Estimée à quelques 1000 milliards de dollars d’investissements, la nouvelle route de la soie est un projet pharaonique de près de 10000 kilomètres de chantiers à travers l’Europe et l’Asie centrale et du Nord par la voie terrestre, et aussi en Afrique et au Proche et Moyen-Orient par la voie maritime. À travers ce projet commencé en 2013, la Chine vise à rendre justice à son nom : « l’Empire du Milieu ». Au cours des premier et deuxième siècles avant notre ère, la route de la soie était une chaîne de routes commerciales reliant l’Asie à l’Europe. Elle tire son nom d’une des ressources les plus précieuses et recherchées de l’époque. Tout comme l’ancienne, cette nouvelle route est d’abord animée par un intérêt économique mais aussi par une volonté de favoriser les échanges culturels, artisanaux et scientifiques ; ainsi, la Chine ne manque pas l’opportunité d’étendre sa mainmise et son influence.
Même si ce projet se polarise d’abord autour des intérêts de la Chine, il représente aussi une occasion pour les pays d’Asie centrale de se retrouver sur la carte mondiale. En effet, des pays comme l’Ouzbékistan et le Tadjikistan, longtemps restés en marge de la mondialisation, peuvent profiter d’une ouverture économique et touristique importante. L’Asie centrale est en effet riche d’une histoire, d’une culture et d’une géographie marquées par de nombreux empires comme les Xiongnu, les Mongols ou l’Union Soviétique.
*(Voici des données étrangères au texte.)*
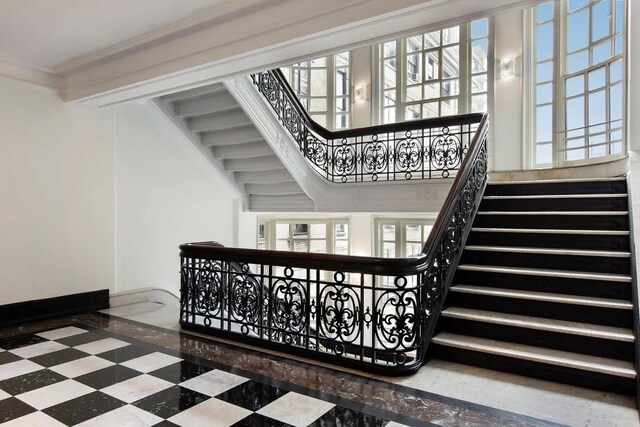 2109 Broadway Unit 902, New York City, NY 10023 - staircase featuring inlaid floor details and crown molding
On peut citer l’exemple de Boukhara en Ouzbékistan, ville-musée comptant non loin de 140 monuments architecturaux.
Cependant, il faut noter que la Chine a signé des accords économiques et diplomatiques avec des pays politiquement et économiquement instables, et d’autres ne respectant pas les droits de l’Homme, comme l’Arabie Saoudite et la Biélorussie.
De plus, la Chine est moins regardante que d’autres pays – notamment de l’UE – concernant les capacités de remboursement des pays auxquels elle prête des milliards pour construire les aménagements de cette nouvelle route (les routes, les ports…). Ainsi, 8 pays sont considérés comme incapables de rembourser la Chine. Le Sri Lanka, par exemple, s’est fait financer la construction d’un port et a dû le céder à la Chine pour un bail de 99 ans ; la même situation s’est reproduite ailleurs comme pour le port Gwadar au Pakistan.
Plus de 60 pays ont déjà agréé à ce projet audacieux et Pékin prévoit d’investir dans 68 pays représentant 65% de la population mondiale. La nouvelle route de la soie pourrait ainsi renforcer le statut de la Chine comme superpuissance mondiale. La mondialisation atteindrait un stade sans précédent, et des pays d’Afrique, d’Europe et d’Asie pourraient être sous l’emprise d’une forme de néocolonialisme avec le debt trap chinois.